Desirability measures how desirable a stake pool is to an ada holder seeking to delegate their stake. It is influenced by a number of factors – including a stake pool’s margin, fee, performance, the total reward available in the current epoch, and saturation percentage – and contributes to determining a stake pool’s ranking.
Stake pools are ranked mainly through a combination of their desirability and performance, in addition to other factors.
Shelley Daedalus features a list of all participating stake pools directly via the UI, while Yoroi shows the same information via their Seiza blockchain explorer. These pools are ranked and color-coded to help stakeholders make the best decision about where to delegate their stake.
You can use the rewards calculator to get an idea of how much you will earn in rewards. It’s important to note that the calculator produces only reward estimates and shouldn’t be considered definitive or a guarantee of reward amounts. In the future, we will likely test different parameters that may affect reward margins. Amounts calculated are therefore subject to change, but represent a realistic and sensible level of return.
Yes. You can use Daedalus to restore an ada balance from a hardware wallet. However, we advise caution doing so. Entering your hardware wallet recovery phrase in Daedalus can expose your hardware wallet private keys to additional security risks. Recommendations to minimize security issues are available via Daedalus during the hardware wallet recovery process.
Yes. Rewards earned accrue with your original stake. When rewards are received, the balance of your reward account increases – and, consequently, the delegated stake is increased.
Ada held on the Cardano network represents a stake in the network, with the size of the stake proportional to the amount of ada held. The ability to delegate or pledge a stake is fundamental to how Cardano works.
There are two ways an ada holder can earn rewards: by delegating their stake to a stake pool run by someone else, or running their own stake pool. The amount of stake delegated to a given stake pool is the primary way the Ouroboros protocol chooses who should add the next block to the blockchain, and receive a monetary reward for doing so.
The more stake is delegated to a stake pool (up to a certain point), the more likely it is to make the next block – and the rewards are shared between everyone who delegated their stake to that stake pool.

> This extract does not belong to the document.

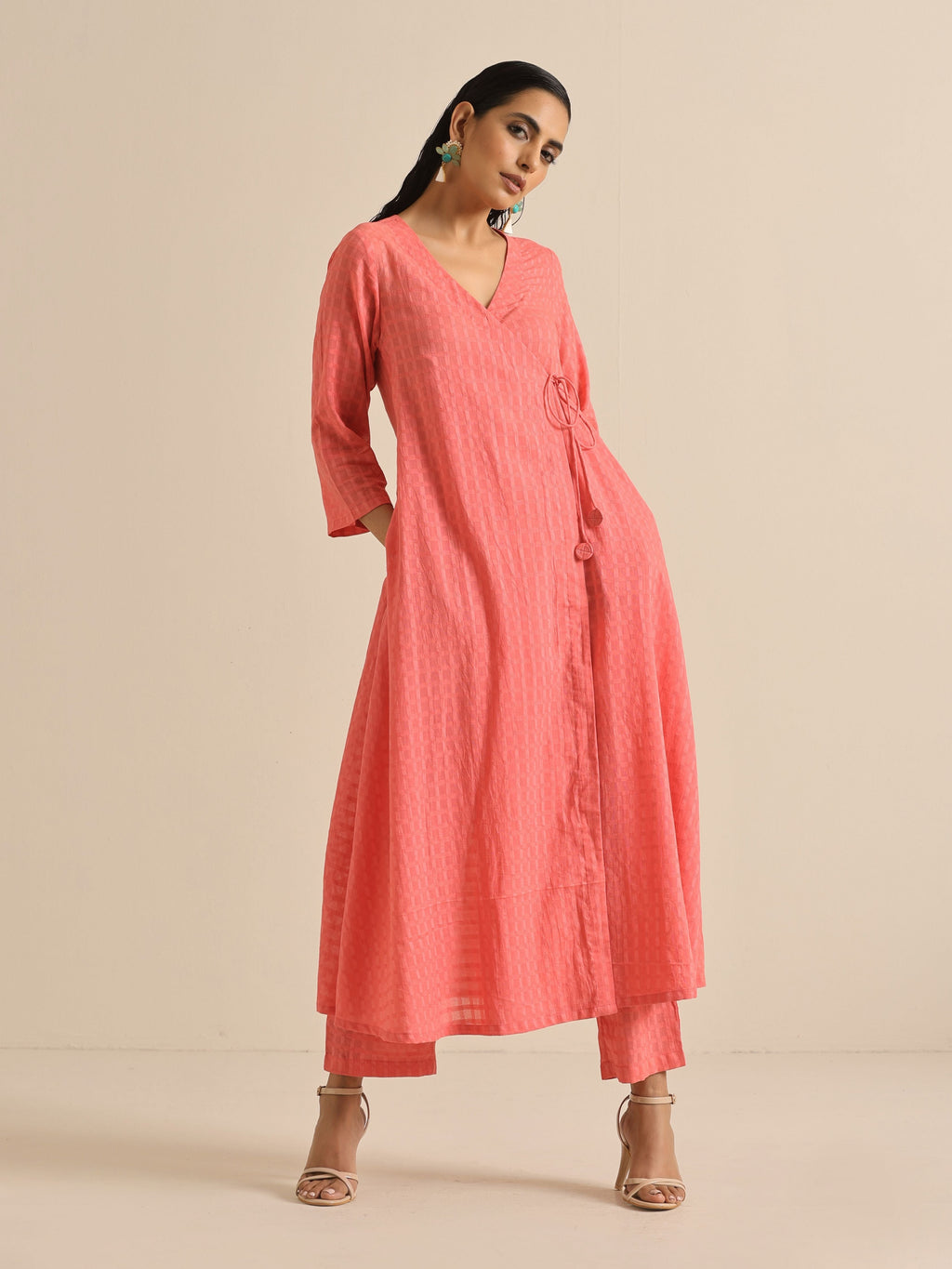trueBrowns Bright Pink Dobby Angrakha Kurta Pant Set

Delegation is the process by which ada holders delegate the stake associated with their ada to a stake pool. It allows ada holders that do not have the skills or desire to run a node to participate in the network and be rewarded in proportion to the amount of stake delegated.
Incentives are used to ensure the longevity and health of the Cardano network and ecosystem. The incentive mechanism is underpinned by scientific research that combines mathematics, economic theory, and game theory.
A cryptocurrency wallet is a software program designed to store your public and private keys, send and receive digital currencies, monitor your balance, and interact with supported blockchains. Ada can be stored using a Daedalus or Yoroi wallet - the primary wallets of the Cardano ecosystem, developed, respectively, by IOHK and EMURGO - or other third-party wallets.
In addition to the variation of wallets available, there are also two types of wallets: a hot wallet and a cold wallet.
A hot wallet is connected to the internet and can be accessed at any time with the requisite keys. Examples of hot wallets include mobile and software wallets, and funds stored on exchanges.
A cold wallet is an offline wallet. It is not connected to the internet and is used for securing storing funds that do not have to be frequently accessed. Examples include hardware wallets - which is a secure hardware device that stores the wallet’s private keys - and paper wallets. Cardano is supported by both Trezor and Ledger hardware wallets.